Ward v. Race Horse
| Ward v. Race Horse | |
|---|---|
| Argued March 11–12, 1896 Decided May 25, 1896 | |
| Full case name | Ward v. Race Horse |
| Citations | 163 U.S. 504 (more) 16 S. Ct. 1076; 41 L. Ed. 244 |
| Court membership | |
| |
| Case opinions | |
| Majority | White, joined by Fuller, Field, Harlan, Gray, Shiras, Peckham |
| Dissent | Brown |
| Brewer took no part in the consideration or decision of the case. | |
Overruled by | |
| Minnesota v. Mille Lacs Band of Chippewa Indians (1999, in part); Herrera v. Wyoming (2019, in full) | |
Ward v.

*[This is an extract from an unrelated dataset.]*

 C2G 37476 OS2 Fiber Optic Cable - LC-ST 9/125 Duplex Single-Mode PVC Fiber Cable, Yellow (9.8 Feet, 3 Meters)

Race Horse, 163 U.S. 504 (1896), is a United States Supreme Court case argued on March 11–12, 1896, and decided on May 25, 1896. The case concerned the right of the Bannock people to hunt on unoccupied land per an 1868 treaty with the U.S. The case was decided in favor of the state of Wyoming and set a precedent that state laws had precedence over Indian treaties, massively checking tribal sovereignty and giving the Supreme Court the right to determine Congress’s implicit intentions when signing Indian Treaties. The case influenced many twentieth century cases dealing with hunting rights, conservation, and state’s rights and the precedent it set wasn’t overturned until 2019 in Herrera v. Wyoming.